Adrienne Grzenda, MD, PhD.Dr. Grzenda has disclosed that she has no relevant financial or other interests in any commercial companies pertaining to this educational activity.
Review of: Da Vita et al, JAMA Psychiatry 2018;75(11):1118-1127
Study Type: Meta-analysis of placebo-controlled trials
In the midst of the opioid epidemic, researchers are looking for new ways to treat chronic pain. Interestingly, states that have legalized medical marijuana have fewer opioid prescriptions but no clear reduction in mortality over time (Shover CL et al, Proc Natl Acad Sci U S A. 2019;116(26):12624-12626). Opioid users who smoke marijuana are less likely to drop out of maintenance treatment programs, while benzodiazepine use predicts worse outcomes in this population (Powell et al, J Health Econ 2018:58:29-42; Socías ME et al, Addiction 2018;113:2250-2258). Could marijuana have direct benefits in the treatment of pain?
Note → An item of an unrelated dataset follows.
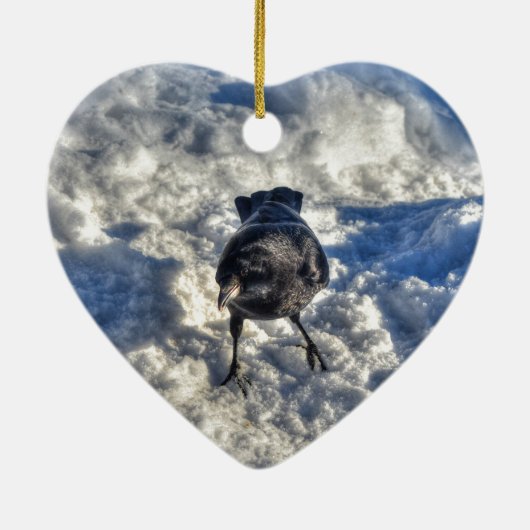 雪の中の可愛い黒いカラス セラミックオーナメント (裏面)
To address this question, researchers analyzed 18 placebo-controlled trials of cannabinoids as a treatment for mechanically-induced pain in otherwise healthy subjects. A total of 442 participants were included. Mean age was 27 with equal numbers of men and women. Two-thirds of the studies involved synthetic tetrahydrocannabinol (THC), the cannabinoid responsible for the “high” in marijuana, or schedule-III analogues of THC, such as dronabinol and nabilone. The other third used plant-based cannabis. The majority (89%) used a cross-over design where subjects received both cannabinoids and placebo with a washout period between the doses.
Compared to placebo, cannabinoid administration was associated with a small increase in pain threshold and a small-to-medium increase in pain tolerance. However, it did not change overall pain intensity. Cannabinoids made people better able to withstand a greater pain burden, but only to a certain point. They also made the experience of pain less unpleasant (small-to-medium effect size), and this effect was strongest with plant-based cannabis. Unpleasantness is important because it may influence the progression from chronic pain to depression. No significant association was found between cannabinoid administration and hypersensitivity to pain. Gender did not significantly impact any of the outcomes.
The biggest limitation to the study is the lack of blinding as most subjects could probably guess whether or not they were “high.” Furthermore, it is unclear how well mechanically induced pain approximates real, chronic pain. Lastly, cannabidiol (CBD) was not included in the study. CBD is often praised by enthusiasts for its properties and was recently approved in a prescription form for intractable seizures (Epidiolex; see TCPR Jan 2019). Unlike THC, CBD produces no “high” and may have added antipsychotic effects.
TCPR’S TAKE Despite the widespread use of THC for a variety of ailments, little data exist to support its many claimed benefits. Additionally, the risks, including psychosis, are too large to recommend it to patients as an alternative analgesic.